## Provided records

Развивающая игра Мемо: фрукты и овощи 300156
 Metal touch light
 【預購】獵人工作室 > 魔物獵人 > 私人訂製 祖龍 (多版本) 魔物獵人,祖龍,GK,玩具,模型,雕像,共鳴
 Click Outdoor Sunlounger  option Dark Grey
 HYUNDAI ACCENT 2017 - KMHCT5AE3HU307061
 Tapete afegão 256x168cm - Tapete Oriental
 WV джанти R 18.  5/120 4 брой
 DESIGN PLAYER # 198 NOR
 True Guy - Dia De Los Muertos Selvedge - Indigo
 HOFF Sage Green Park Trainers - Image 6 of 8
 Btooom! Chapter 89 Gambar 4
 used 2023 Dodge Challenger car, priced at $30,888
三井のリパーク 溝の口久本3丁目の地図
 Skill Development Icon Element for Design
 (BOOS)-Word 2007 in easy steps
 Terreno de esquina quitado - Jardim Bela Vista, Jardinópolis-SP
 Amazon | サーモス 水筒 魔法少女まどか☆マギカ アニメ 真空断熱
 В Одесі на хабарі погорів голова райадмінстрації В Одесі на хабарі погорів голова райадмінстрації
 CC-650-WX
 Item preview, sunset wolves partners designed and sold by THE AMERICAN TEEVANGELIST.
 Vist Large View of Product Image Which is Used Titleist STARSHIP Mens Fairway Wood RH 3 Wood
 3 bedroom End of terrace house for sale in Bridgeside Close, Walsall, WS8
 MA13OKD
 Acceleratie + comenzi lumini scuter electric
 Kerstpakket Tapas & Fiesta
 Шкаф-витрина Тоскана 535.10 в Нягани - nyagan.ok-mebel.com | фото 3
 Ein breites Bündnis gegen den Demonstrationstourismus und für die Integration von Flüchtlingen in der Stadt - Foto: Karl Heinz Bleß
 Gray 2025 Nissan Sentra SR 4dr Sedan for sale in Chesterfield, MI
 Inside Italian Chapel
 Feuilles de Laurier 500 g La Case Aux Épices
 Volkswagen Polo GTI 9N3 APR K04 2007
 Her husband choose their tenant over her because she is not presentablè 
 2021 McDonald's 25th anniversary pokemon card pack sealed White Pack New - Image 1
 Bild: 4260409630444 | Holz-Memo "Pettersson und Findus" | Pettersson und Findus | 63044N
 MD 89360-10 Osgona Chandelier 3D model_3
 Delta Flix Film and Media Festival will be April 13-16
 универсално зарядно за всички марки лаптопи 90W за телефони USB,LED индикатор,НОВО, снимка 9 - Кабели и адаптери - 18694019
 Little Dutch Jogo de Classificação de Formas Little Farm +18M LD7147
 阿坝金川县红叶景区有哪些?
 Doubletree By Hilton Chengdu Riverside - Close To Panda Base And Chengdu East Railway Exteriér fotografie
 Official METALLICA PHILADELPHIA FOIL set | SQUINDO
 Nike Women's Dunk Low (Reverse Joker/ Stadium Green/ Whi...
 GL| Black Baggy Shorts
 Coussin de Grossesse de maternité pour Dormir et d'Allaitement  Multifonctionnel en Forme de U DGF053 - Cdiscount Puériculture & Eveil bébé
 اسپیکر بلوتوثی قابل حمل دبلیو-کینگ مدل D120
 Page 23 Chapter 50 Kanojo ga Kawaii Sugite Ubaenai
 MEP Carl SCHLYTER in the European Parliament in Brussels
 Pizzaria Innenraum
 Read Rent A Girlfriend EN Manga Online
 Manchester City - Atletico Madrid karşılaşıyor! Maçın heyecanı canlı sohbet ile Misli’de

## Action item
Please set down each line of the records exactly as given.

## Exercise solution
Развивающая игра Мемо: фрукты и овощи 300156
 Metal touch light
 【預購】獵人工作室 > 魔物獵人 > 私人訂製 祖龍 (多版本) 魔物獵人,祖龍,GK,玩具,模型,雕像,共鳴
 Click Outdoor Sunlounger  option Dark Grey
 HYUNDAI ACCENT 2017 - KMHCT5AE3HU307061
 Tapete afegão 256x168cm - Tapete Oriental
 WV джанти R 18.  5/120 4 брой
 DESIGN PLAYER # 198 NOR
 True Guy - Dia De Los Muertos Selvedge - Indigo
 HOFF Sage Green Park Trainers - Image 6 of 8
 Btooom! Chapter 89 Gambar 4
 used 2023 Dodge Challenger car, priced at $30,888
三井のリパーク 溝の口久本3丁目の地図
 Skill Development Icon Element for Design
 (BOOS)-Word 2007 in easy steps
 Terreno de esquina quitado - Jardim Bela Vista, Jardinópolis-SP
 Amazon | サーモス 水筒 魔法少女まどか☆マギカ アニメ 真空断熱
 В Одесі на хабарі погорів голова райадмінстрації В Одесі на хабарі погорів голова райадмінстрації
 CC-650-WX
 Item preview, sunset wolves partners designed and sold by THE AMERICAN TEEVANGELIST.
 Vist Large View of Product Image Which is Used Titleist STARSHIP Mens Fairway Wood RH 3 Wood
 3 bedroom End of terrace house for sale in Bridgeside Close, Walsall, WS8
 MA13OKD
 Acceleratie + comenzi lumini scuter electric
 Kerstpakket Tapas & Fiesta
 Шкаф-витрина Тоскана 535.10 в Нягани - nyagan.ok-mebel.com | фото 3
 Ein breites Bündnis gegen den Demonstrationstourismus und für die Integration von Flüchtlingen in der Stadt - Foto: Karl Heinz Bleß
 Gray 2025 Nissan Sentra SR 4dr Sedan for sale in Chesterfield, MI
 Inside Italian Chapel
 Feuilles de Laurier 500 g La Case Aux Épices
 Volkswagen Polo GTI 9N3 APR K04 2007
 Her husband choose their tenant over her because she is not presentablè 
 2021 McDonald's 25th anniversary pokemon card pack sealed White Pack New - Image 1
 Bild: 4260409630444 | Holz-Memo "Pettersson und Findus" | Pettersson und Findus | 63044N
 MD 89360-10 Osgona Chandelier 3D model_3
 Delta Flix Film and Media Festival will be April 13-16
 универсално зарядно за всички марки лаптопи 90W за телефони USB,LED индикатор,НОВО, снимка 9 - Кабели и адаптери - 18694019
 Little Dutch Jogo de Classificação de Formas Little Farm +18M LD7147
 阿坝金川县红叶景区有哪些?
 Doubletree By Hilton Chengdu Riverside - Close To Panda Base And Chengdu East Railway Exteriér fotografie
 Official METALLICA PHILADELPHIA FOIL set | SQUINDO
 Nike Women's Dunk Low (Reverse Joker/ Stadium Green/ Whi...
 GL| Black Baggy Shorts
 Coussin de Grossesse de maternité pour Dormir et d'Allaitement  Multifonctionnel en Forme de U DGF053 - Cdiscount Puériculture & Eveil bébé
 اسپیکر بلوتوثی قابل حمل دبلیو-کینگ مدل D120
 Page 23 Chapter 50 Kanojo ga Kawaii Sugite Ubaenai
 MEP Carl SCHLYTER in the European Parliament in Brussels
 Pizzaria Innenraum
 Read Rent A Girlfriend EN Manga Online
 Manchester City - Atletico Madrid karşılaşıyor! Maçın heyecanı canlı sohbet ile Misli’de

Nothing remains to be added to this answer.